Critics of the EU and the European Parliament claim both bodies are corrupt. That might be going too far, but they both are certainly cavalier with public money. Euro MPs are paid the same as MPs in their home country, but these are topped up with attendance payments, a staffing allowance for secretaries and researchers, and generous expenses for travelling - a total calculated by the media as £330,000 a year.

How to squash the allusion that our MPs and MEPs have their snouts in a trough funded by you and me is, I believe, easy to overcome.

MPs and MEPs should have their staff paid for out of public funds, including National Insurance contributions.

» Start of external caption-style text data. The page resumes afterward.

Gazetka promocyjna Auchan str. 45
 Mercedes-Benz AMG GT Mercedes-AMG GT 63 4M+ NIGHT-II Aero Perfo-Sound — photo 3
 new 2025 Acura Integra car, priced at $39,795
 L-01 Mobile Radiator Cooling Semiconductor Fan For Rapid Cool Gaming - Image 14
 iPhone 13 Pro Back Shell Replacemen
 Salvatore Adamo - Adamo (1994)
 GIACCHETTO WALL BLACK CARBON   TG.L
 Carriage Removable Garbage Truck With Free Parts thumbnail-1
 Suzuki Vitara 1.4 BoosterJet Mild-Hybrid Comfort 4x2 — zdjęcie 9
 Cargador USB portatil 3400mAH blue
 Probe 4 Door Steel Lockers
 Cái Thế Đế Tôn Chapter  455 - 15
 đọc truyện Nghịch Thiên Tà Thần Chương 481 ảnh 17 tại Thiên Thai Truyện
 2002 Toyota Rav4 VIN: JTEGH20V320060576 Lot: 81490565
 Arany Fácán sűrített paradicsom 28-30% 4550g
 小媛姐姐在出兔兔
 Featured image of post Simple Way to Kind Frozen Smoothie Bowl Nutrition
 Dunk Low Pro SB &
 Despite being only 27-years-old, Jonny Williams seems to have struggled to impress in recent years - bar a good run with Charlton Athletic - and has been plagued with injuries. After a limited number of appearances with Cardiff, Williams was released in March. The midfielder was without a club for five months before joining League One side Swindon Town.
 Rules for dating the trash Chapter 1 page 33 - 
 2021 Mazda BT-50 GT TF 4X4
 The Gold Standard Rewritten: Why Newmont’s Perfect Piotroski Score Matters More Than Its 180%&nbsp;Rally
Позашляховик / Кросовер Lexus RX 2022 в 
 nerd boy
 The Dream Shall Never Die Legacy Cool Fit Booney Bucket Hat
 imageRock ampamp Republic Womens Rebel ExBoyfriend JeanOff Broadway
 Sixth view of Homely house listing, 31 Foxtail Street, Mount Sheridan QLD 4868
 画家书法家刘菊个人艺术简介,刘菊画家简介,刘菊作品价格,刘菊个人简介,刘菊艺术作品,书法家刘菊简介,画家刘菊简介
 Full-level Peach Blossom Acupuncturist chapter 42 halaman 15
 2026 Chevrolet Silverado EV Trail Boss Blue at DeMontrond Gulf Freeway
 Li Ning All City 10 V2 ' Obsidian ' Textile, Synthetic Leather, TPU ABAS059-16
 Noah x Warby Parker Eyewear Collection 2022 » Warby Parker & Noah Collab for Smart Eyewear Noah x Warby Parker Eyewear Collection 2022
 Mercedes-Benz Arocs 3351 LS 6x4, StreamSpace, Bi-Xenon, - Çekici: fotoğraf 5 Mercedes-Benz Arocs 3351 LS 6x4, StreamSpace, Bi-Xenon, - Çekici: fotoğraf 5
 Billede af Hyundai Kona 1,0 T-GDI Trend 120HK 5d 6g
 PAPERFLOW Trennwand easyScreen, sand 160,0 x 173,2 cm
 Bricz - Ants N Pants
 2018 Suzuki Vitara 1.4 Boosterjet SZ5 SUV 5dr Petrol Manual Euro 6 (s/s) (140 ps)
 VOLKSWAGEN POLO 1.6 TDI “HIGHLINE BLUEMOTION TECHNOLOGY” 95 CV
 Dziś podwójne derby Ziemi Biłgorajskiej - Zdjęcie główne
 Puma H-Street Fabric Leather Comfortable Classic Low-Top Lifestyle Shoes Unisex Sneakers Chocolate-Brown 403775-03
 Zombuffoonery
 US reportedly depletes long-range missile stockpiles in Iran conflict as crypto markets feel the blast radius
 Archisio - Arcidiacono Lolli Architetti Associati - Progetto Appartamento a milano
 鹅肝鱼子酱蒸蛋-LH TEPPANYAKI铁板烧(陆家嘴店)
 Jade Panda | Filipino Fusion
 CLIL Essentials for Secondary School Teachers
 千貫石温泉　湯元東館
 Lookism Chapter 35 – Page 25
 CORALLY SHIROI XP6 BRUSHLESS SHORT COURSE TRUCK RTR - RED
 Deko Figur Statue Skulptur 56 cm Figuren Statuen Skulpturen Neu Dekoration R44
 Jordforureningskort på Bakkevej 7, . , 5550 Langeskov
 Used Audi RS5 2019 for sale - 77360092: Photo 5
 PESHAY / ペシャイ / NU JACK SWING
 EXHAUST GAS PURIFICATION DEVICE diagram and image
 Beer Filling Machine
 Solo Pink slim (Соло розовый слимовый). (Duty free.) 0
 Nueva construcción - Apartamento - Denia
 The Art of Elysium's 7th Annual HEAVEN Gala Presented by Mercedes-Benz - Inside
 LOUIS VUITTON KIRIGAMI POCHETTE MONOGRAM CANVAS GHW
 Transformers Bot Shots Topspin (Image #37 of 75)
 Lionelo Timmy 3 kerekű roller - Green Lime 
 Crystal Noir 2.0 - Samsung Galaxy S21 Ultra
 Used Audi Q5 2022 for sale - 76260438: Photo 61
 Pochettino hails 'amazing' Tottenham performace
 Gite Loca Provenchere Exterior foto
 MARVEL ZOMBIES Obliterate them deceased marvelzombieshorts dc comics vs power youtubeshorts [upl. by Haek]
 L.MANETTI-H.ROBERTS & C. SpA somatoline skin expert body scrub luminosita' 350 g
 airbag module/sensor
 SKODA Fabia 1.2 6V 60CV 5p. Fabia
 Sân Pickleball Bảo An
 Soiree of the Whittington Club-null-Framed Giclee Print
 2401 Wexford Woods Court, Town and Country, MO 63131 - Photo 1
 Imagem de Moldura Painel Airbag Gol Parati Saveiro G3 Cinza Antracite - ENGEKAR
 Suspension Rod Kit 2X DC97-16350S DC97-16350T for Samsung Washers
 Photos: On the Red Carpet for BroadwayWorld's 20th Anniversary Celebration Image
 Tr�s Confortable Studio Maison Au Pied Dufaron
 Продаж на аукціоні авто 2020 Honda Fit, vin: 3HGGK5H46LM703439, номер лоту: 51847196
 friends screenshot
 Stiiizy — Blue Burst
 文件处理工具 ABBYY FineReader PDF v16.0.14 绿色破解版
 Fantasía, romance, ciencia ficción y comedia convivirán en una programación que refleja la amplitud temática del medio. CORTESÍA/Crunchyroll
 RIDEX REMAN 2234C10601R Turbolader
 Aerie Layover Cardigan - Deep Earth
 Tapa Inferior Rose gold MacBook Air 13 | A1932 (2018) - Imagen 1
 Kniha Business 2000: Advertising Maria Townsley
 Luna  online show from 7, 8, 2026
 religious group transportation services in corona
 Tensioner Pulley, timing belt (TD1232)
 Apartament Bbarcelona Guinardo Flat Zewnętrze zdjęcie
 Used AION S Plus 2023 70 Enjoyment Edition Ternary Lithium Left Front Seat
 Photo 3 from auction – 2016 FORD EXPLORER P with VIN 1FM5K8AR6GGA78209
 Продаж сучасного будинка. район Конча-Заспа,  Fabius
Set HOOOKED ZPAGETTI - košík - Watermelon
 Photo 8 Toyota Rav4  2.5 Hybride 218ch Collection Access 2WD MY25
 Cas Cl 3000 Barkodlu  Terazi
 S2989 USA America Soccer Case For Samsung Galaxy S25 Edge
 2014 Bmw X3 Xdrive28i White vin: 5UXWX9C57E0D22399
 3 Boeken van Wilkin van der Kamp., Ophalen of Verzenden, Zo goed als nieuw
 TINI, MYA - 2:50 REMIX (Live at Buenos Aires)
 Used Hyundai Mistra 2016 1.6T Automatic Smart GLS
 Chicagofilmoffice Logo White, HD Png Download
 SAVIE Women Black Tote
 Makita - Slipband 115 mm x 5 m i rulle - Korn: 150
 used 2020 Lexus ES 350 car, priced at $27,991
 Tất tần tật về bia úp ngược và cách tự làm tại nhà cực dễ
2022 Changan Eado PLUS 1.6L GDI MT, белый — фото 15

If the parliaments paid them directly, there would be no need for MPs or MEPs to make claims for them and this would overcome allegations that cash was somehow being siphoned off.

If accommodation was provided in London and Brussels by the two parliaments, again there would be no need to claim housing costs such as state of the art stereo and television systems.

MPs and MEPs would end up with fair pay and genuine - and fully accounted for - expenses in connection with constituency duties, which would be put annually into the public domain.